A investigação foi solicitada em 2021 pela Igreja de Portugal, um país de arraigada tradição católica.

Em outubro, uma equipe de seis especialistas, liderada por Strecht, anunciou que havia registrado 424 testemunhos legítimos de supostas vítimas, mas advertiu que o número total era “muito maior”.

Os membros da comissão de especialistas expuseram durante duas horas, nesta segunda-feira, de forma crua e detalhada, os ensinamentos dos 512 testemunhos validados, mas também de suas investigações nos arquivos da igreja e de suas entrevistas com seus altos funcionários da hierarquia.

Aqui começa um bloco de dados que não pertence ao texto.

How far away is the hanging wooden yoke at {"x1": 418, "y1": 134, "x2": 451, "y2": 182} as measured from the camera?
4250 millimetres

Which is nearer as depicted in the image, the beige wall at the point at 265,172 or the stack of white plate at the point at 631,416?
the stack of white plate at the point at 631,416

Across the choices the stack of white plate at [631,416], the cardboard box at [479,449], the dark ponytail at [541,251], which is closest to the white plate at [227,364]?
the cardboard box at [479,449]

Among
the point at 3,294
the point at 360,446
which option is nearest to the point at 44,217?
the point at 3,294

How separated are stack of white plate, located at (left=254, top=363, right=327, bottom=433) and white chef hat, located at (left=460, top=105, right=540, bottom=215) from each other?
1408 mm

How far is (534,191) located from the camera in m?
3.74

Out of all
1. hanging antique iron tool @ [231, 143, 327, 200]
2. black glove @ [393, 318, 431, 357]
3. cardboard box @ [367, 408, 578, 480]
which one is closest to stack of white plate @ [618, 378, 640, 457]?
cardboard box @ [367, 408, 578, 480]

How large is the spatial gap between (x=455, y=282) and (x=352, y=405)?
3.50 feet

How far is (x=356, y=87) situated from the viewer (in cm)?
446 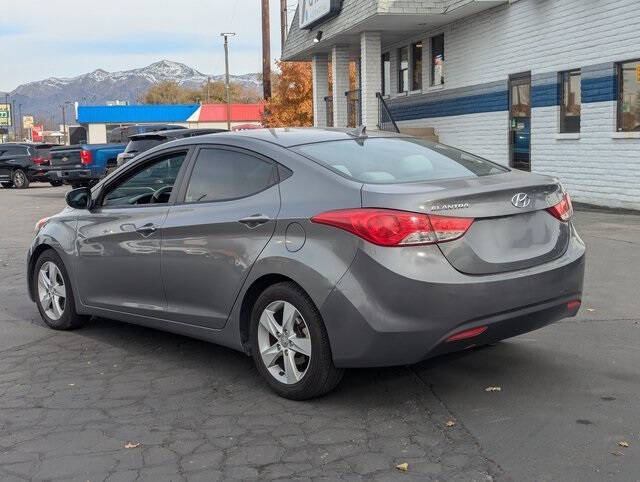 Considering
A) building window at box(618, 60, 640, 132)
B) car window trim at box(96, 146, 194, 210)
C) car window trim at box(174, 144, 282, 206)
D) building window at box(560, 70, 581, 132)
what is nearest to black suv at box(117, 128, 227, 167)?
building window at box(560, 70, 581, 132)

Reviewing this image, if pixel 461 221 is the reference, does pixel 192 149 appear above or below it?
above

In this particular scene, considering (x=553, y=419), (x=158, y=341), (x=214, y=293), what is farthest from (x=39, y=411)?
(x=553, y=419)

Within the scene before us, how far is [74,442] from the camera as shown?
14.1ft

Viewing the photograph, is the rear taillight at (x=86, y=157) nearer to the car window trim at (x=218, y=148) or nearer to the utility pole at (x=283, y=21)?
the utility pole at (x=283, y=21)

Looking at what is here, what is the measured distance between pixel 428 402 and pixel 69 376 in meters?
2.51

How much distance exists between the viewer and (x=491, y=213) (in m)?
4.50

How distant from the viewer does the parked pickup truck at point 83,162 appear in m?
23.0

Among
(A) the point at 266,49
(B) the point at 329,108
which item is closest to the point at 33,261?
(B) the point at 329,108

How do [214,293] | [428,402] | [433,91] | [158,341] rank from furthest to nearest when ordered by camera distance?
[433,91] < [158,341] < [214,293] < [428,402]

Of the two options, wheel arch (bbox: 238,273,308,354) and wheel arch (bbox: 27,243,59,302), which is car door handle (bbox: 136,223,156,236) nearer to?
wheel arch (bbox: 238,273,308,354)

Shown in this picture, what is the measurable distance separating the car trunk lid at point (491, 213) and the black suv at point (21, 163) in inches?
1164

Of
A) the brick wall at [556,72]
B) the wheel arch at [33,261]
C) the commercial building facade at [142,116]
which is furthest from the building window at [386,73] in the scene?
the commercial building facade at [142,116]

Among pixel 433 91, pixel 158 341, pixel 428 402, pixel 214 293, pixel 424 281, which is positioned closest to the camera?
pixel 424 281

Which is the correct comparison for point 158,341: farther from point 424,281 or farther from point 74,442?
point 424,281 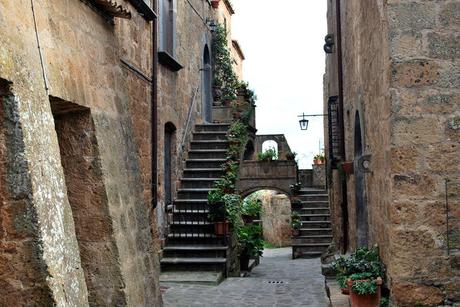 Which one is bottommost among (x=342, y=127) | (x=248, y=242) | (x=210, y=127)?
(x=248, y=242)

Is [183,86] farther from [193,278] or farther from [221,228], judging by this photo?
[193,278]

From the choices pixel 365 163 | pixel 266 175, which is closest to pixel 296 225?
pixel 266 175

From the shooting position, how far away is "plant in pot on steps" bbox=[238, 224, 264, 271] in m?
13.0

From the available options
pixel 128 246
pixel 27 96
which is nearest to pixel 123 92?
pixel 128 246

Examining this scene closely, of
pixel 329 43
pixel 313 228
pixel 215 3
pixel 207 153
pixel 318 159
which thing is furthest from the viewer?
pixel 318 159

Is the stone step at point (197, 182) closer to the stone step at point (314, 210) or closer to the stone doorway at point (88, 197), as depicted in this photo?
the stone doorway at point (88, 197)

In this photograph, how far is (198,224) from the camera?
36.3 ft

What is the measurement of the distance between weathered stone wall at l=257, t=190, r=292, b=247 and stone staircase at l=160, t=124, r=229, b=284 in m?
12.8

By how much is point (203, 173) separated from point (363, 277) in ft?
24.1

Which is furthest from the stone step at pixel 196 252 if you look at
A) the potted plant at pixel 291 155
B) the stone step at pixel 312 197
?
the potted plant at pixel 291 155

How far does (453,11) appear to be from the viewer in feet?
17.3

“O informe publicado hoje revela uma realidade dura e trágica. Esperamos que marque um novo começo”, afirmou o presidente da Conferência Episcopal Portuguesa (CEP), o bispo de Leiria-Fátima, José Ornelas, após assistir à apresentação do relatório.

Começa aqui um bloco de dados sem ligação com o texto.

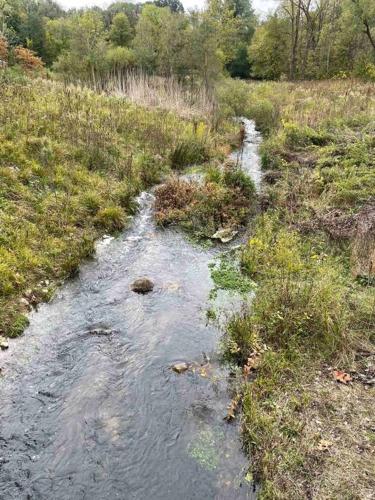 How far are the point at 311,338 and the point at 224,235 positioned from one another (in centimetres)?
366

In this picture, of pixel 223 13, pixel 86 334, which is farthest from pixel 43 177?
pixel 223 13

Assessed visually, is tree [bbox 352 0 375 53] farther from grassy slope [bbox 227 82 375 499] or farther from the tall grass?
grassy slope [bbox 227 82 375 499]

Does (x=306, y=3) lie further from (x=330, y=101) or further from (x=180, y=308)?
(x=180, y=308)

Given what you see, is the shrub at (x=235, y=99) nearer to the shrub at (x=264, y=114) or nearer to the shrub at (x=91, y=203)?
the shrub at (x=264, y=114)

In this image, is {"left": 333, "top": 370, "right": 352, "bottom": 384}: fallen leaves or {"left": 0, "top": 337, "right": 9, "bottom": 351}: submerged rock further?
{"left": 0, "top": 337, "right": 9, "bottom": 351}: submerged rock

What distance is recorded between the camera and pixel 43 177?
8.47 metres

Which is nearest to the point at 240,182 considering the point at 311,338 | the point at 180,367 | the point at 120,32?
the point at 311,338

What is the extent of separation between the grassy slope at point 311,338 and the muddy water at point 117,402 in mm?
368

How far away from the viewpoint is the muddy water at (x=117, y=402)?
11.8 feet

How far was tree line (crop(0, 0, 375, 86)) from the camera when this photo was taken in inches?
837

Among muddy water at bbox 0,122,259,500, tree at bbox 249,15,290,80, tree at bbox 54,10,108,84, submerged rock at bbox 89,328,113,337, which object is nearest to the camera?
muddy water at bbox 0,122,259,500

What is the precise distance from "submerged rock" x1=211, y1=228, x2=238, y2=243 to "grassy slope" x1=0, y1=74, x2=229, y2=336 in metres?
2.06

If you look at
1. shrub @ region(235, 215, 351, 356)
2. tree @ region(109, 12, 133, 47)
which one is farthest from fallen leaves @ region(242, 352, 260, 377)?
tree @ region(109, 12, 133, 47)

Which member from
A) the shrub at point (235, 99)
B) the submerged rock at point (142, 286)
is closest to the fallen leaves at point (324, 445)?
the submerged rock at point (142, 286) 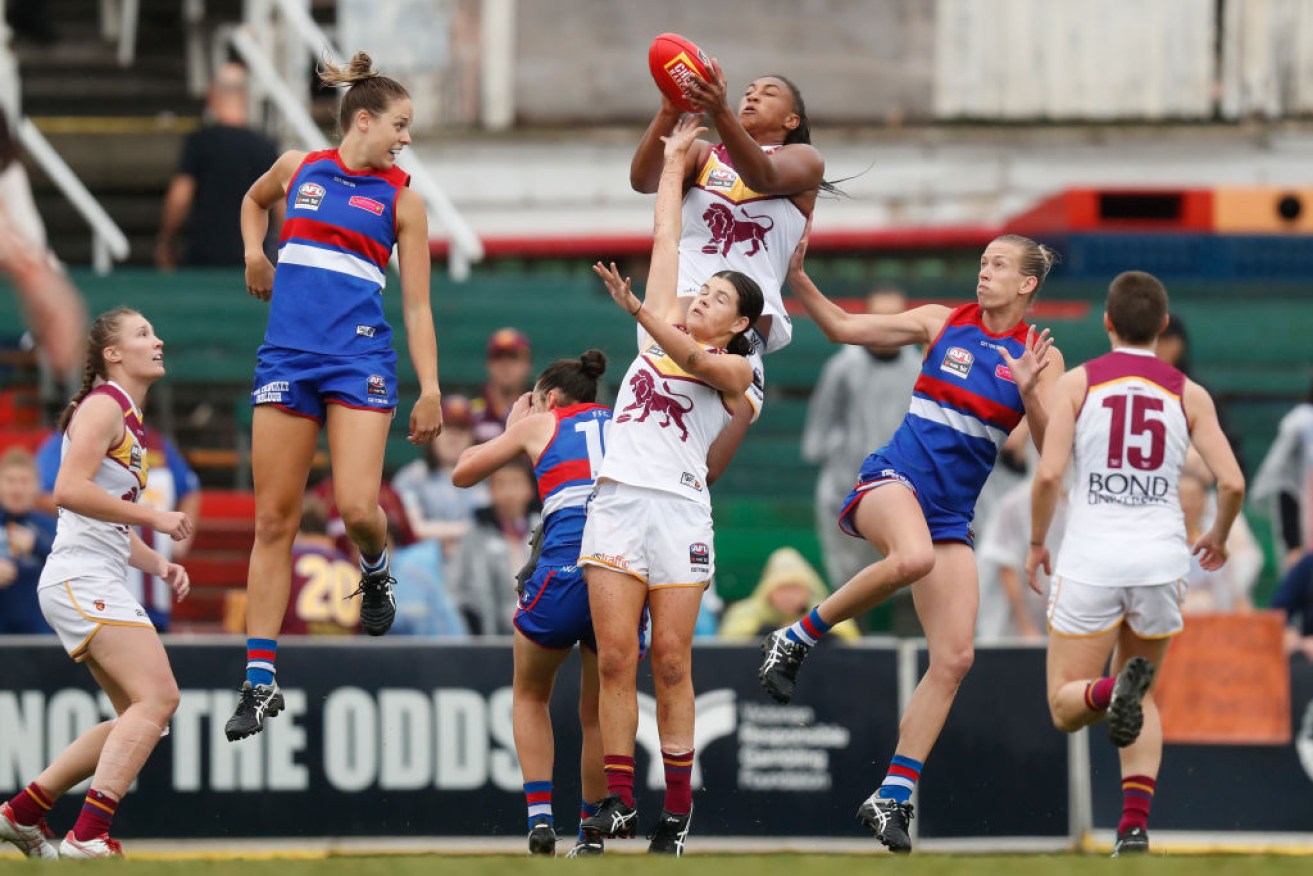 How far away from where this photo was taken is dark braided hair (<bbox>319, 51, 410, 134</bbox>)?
29.0 ft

“Pedimos perdão a todas as vítimas”, acrescentou, referindo-se a uma “ferida aberta que nos (…) envergonha”, após assistir à apresentação do informe.

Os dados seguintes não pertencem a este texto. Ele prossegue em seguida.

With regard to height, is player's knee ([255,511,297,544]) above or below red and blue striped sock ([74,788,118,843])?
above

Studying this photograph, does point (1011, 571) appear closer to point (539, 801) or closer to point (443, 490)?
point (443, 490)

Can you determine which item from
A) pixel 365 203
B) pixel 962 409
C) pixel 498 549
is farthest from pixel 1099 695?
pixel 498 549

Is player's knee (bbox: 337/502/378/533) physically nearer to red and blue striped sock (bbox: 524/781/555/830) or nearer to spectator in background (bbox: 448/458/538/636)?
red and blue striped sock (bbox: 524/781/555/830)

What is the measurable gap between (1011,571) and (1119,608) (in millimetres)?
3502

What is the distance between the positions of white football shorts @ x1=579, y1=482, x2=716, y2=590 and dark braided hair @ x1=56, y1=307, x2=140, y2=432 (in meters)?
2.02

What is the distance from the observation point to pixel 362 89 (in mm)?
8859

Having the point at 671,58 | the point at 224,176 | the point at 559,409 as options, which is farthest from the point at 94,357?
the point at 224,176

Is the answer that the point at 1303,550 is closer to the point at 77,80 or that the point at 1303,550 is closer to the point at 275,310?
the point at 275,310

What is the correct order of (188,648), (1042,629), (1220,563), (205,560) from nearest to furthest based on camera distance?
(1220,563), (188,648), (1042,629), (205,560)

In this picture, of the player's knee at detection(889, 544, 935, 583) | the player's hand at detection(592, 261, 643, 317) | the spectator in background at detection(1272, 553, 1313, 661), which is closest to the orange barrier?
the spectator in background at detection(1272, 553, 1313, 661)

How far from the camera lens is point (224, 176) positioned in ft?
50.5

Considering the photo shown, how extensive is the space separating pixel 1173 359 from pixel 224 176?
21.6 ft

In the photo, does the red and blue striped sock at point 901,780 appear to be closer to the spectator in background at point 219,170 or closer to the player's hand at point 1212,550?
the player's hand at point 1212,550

A maioria dos casos denunciados já prescreveu, mas 25 depoimentos foram encaminhados ao Ministério Público, que abriu investigações.

Um dos 25 casos é o de Alexandra, o segundo nome de uma mulher de 43 anos que prefere permanecer no anonimato e que foi estuprada por um padre quando se preparava para a vida de freira aos 17 anos.

– “Ignorada”-

“É muito difícil falar sobre o tema em Portugal”, um país no qual 80% da população se define como católica, explica Alexandra, que é mãe, formada em Ciência da Computação e trabalha como ajudante de cozinha.

“Eu guardava este segredo há muitos anos, mas sentia que era cada vez mais difícil administrar sozinha”, declarou à AFP em uma entrevista por telefone.

Ela chegou a denunciar o agressor às autoridades eclesiásticas, mas se sentiu “ignorada”.

Três anos depois, os especialistas da comissão independente se ofereceram para ouvir seu depoimento e proporcionar apoio psicológico.

Em abril do ano passado, o cardeal-patriarca de Lisboa e principal líder da Igreja Católica portuguesa, Manuel Clemente, se declarou disposto a “reconhecer os erros do passado” e a “pedir perdão” às vítimas.

O jesuíta Hans Zollner, membro da Pontifícia Comissão para a Tutela dos Menores, lamentou que “a magnitude dos números e dos testemunhos” não seja algo novo e que ecoe outros relatos ouvidos em todos os “cantos do mundo”.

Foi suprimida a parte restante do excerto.